Were getting to the next hurdle in the bitcoin dialogue.

1) The network hash rate is increasing tremendously, and looking at all the major players coming to market by December/January, we are looking at another 10PH added in the next several months.
2) This is going to push the difficulty up as well.
3) As the network hash rate increases, the PPS rate is going to drop dramatically. Whereas a few months ago you could be pulling in a few BTC a day with 100GHs machines, you are lucky to pull in 0.1 now. What this is going to do is push smaller miners to other currencies and the rise of pools like multipool and middlecoin. This is going to create a situation where there are a lot of hashes being pulled from the BTC network, and the difficulty is going to level back off - however because the rate is too high for most small miners (anything less than 0.001% of the hashing pool), a lot of them are going to stay away.
4) There is going to be a rush to liquidate hashing hardware, reducing the pool further, and consolidating the "generators" to a smaller and smaller group.
5) As the other currencies start to become as acceptable, BTC is going to come into the sites of day traders and forex investors - allowing them to make money day trading while the market is still young. This influx is going to boost the price of BTC phenomenally.
6) Disruptive technologies are around the corner which are going to push the hash rate even higher. Only those with BTC reserves at this point will be able to purchase the new machines.
7) A new class of BTC elites will arise and the hashing battles ensue. Other Crypto Currencies will start to look a lot more attractive, and the pool will shrink again.
Cool As we near the 1M block size limit, transactions are going to become more and more costly, so BTC to other currencies will replace straight BTC to BTC transactions. Intermediary currencies will start to see their valuation rise the same.
9) At this point, it becomes cyclical - fully mined crypto currencies become the "gold standard" and other currencies are simply orders of magnitude smaller. You might see a structure something like this.

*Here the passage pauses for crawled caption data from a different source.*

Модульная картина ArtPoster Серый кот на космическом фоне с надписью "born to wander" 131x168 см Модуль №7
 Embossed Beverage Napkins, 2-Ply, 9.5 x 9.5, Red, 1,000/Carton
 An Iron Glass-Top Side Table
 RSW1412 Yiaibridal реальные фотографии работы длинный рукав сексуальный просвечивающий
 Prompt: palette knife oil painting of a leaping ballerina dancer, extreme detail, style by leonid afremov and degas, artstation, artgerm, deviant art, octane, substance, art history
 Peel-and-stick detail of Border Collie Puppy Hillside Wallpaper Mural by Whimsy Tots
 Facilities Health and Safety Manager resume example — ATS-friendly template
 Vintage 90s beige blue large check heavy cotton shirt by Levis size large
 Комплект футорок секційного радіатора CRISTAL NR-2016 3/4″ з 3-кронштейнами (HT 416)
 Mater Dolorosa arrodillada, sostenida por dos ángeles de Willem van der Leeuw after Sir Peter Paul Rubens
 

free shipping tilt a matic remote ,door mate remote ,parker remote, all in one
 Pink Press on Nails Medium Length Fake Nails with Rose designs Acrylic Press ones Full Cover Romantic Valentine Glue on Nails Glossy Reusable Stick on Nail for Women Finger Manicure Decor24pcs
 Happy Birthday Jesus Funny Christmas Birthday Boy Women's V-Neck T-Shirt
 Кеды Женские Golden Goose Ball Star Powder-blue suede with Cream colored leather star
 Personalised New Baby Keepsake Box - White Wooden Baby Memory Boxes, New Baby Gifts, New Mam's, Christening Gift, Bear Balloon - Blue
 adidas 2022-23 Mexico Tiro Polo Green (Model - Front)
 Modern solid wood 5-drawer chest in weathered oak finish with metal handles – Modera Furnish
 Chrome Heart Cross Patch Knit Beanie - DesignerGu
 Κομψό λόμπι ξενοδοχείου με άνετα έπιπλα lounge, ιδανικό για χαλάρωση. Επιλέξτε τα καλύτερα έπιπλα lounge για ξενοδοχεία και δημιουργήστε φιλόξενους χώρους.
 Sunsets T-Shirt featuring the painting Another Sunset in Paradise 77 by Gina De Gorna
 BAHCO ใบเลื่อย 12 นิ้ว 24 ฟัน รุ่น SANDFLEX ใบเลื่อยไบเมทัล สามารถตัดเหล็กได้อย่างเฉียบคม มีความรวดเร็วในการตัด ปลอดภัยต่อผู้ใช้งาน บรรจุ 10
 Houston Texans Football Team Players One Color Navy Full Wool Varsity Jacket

BTC as the root gold standard -> LTC as an intermediary fund for scryptcoins -> Next 3-4 fully mined cryptocurrencies -> next 3-4 fully mined scryptcoins -> Intermediary transaction mechanisms

You'll also see the generation of OTU wallets with fixed amounts of BTC, and the conversion from digital trading currency into physical trading bits - verifiable via local tools. The need for a BTC encapsulation mechanism is going to arise - something that allows these physical BTC to maintain their value and not be counterfit nor copied - something like a RFID inside with a read only verification combined with a biometric database and bitbook...

But before we get there, we still need to mine the rest of the coins. And $55k per coin is a very, very low estimate in my appraisal.

However, there are a few things which could damper this.
1) Disruptive technologies which break the encryption of the BTC wallet keys
2) More undergound trading haulted by regulation
3) Regulation and governmental oversight (two way street)
4) Passing fad where investors and money leaves the market - remember, BTCs are only as valuable as they can be exchanged for tangible goods (or means to get tangible goods).